* WHAT YOU NEED TO DO *
Output all entries verbatim. Skip pictures.

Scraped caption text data
▼▼▼
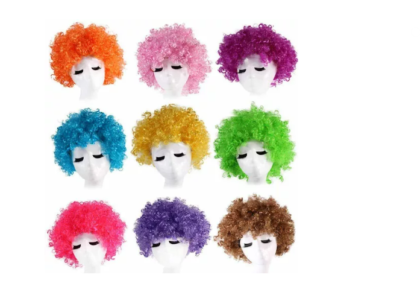 Peluca Afro/Rulos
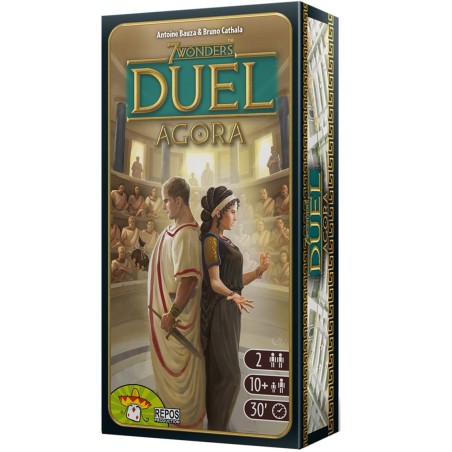 Juego De Mesa 7 Wonders: Duel Pegi Agora 10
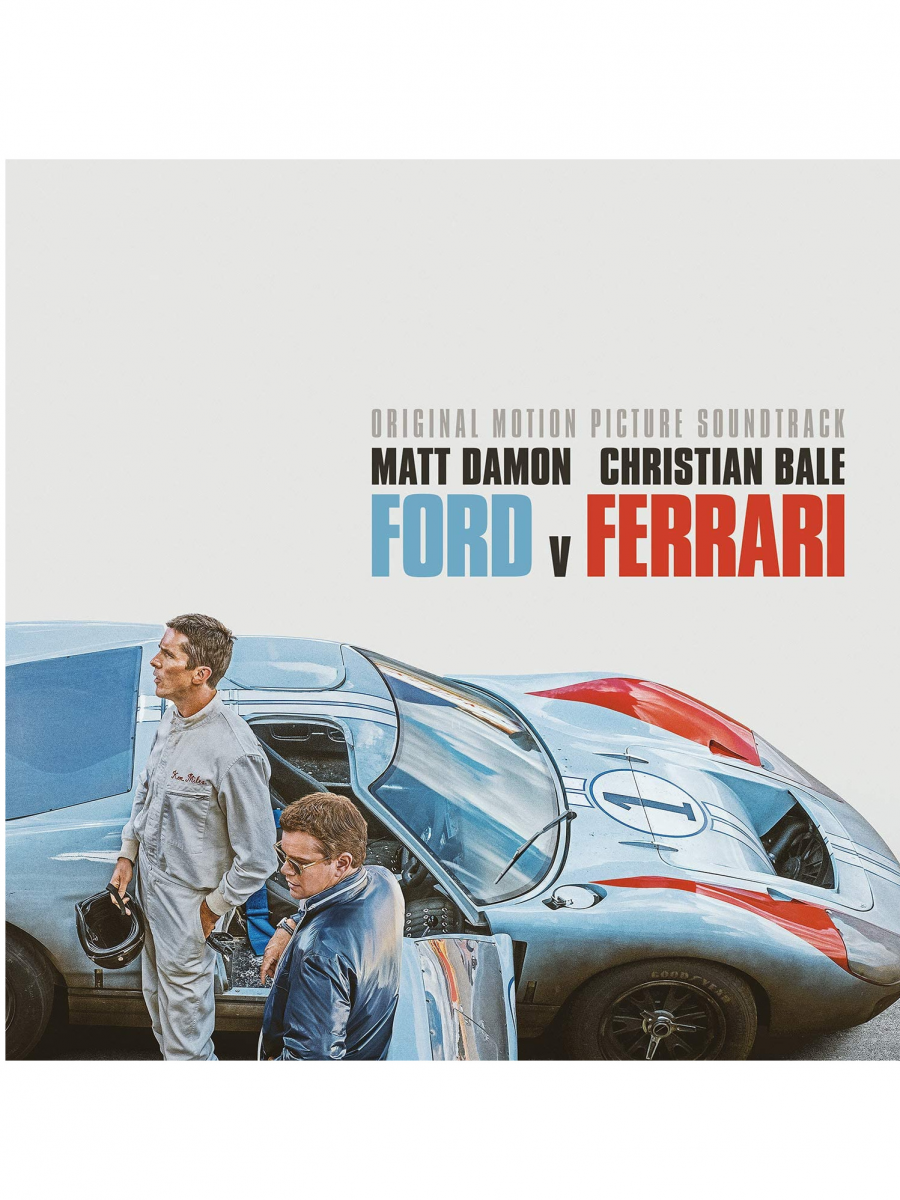 Bertus Oficiální soundtrack Ford v Ferrari na LP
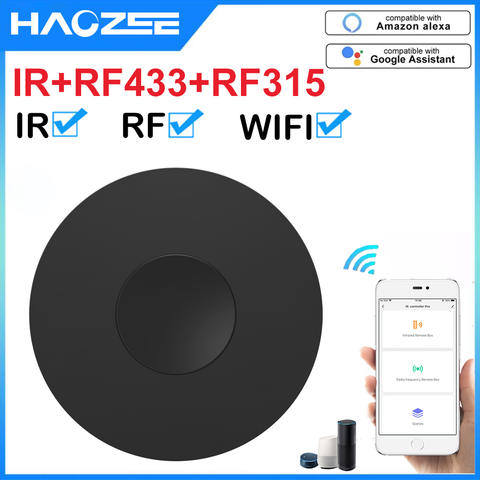 Tuya Smart Wifi RF IR Fernbedienung Smart Home Klimaanlage TV LG Alexa Google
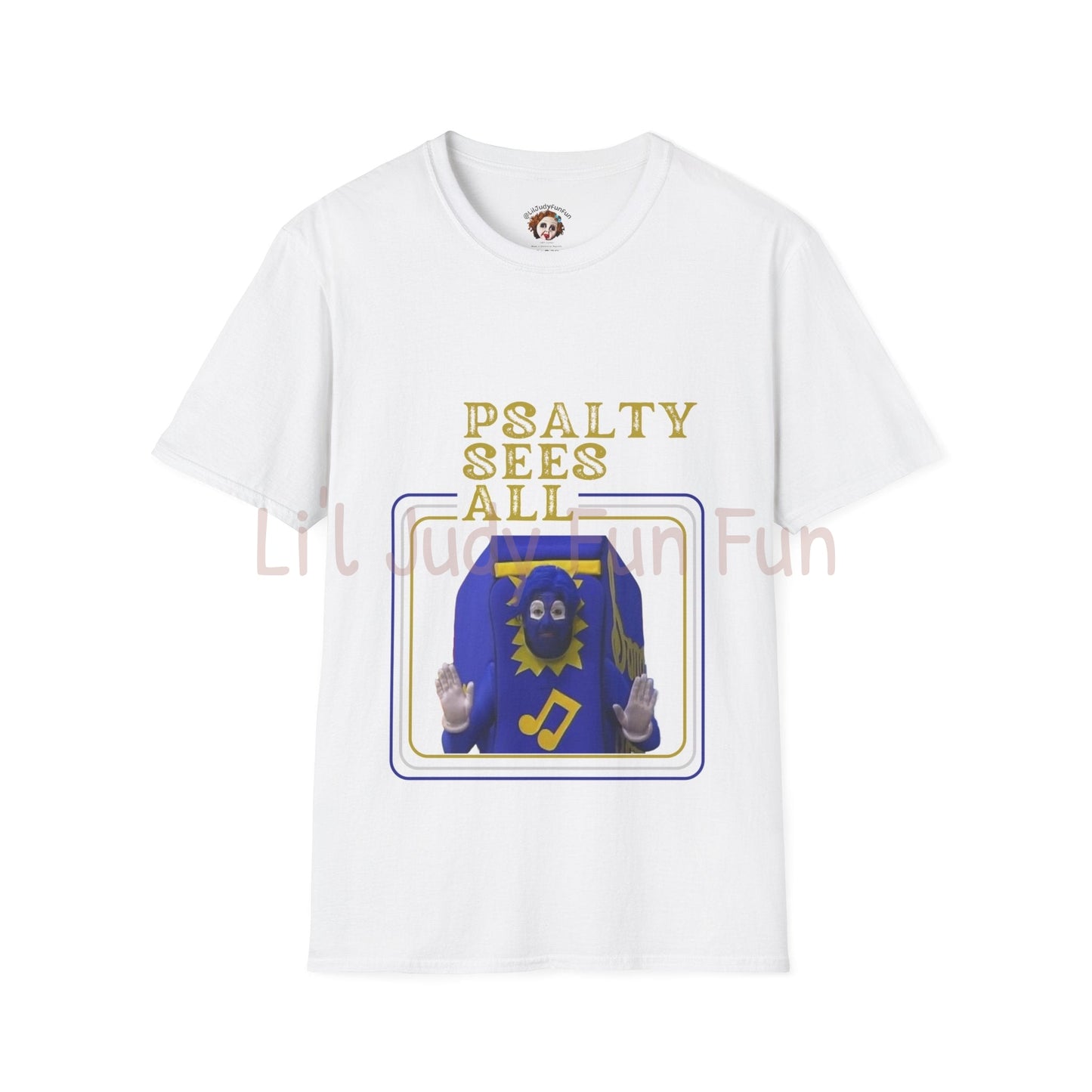 Psalty Sees All! T-Shirt (White)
▲▲▲
* YOUR RESPONSE *
 Peluca Afro/Rulos
 Juego De Mesa 7 Wonders: Duel Pegi Agora 10
 Bertus Oficiální soundtrack Ford v Ferrari na LP
 Tuya Smart Wifi RF IR Fernbedienung Smart Home Klimaanlage TV LG Alexa Google
 Psalty Sees All! T-Shirt (White)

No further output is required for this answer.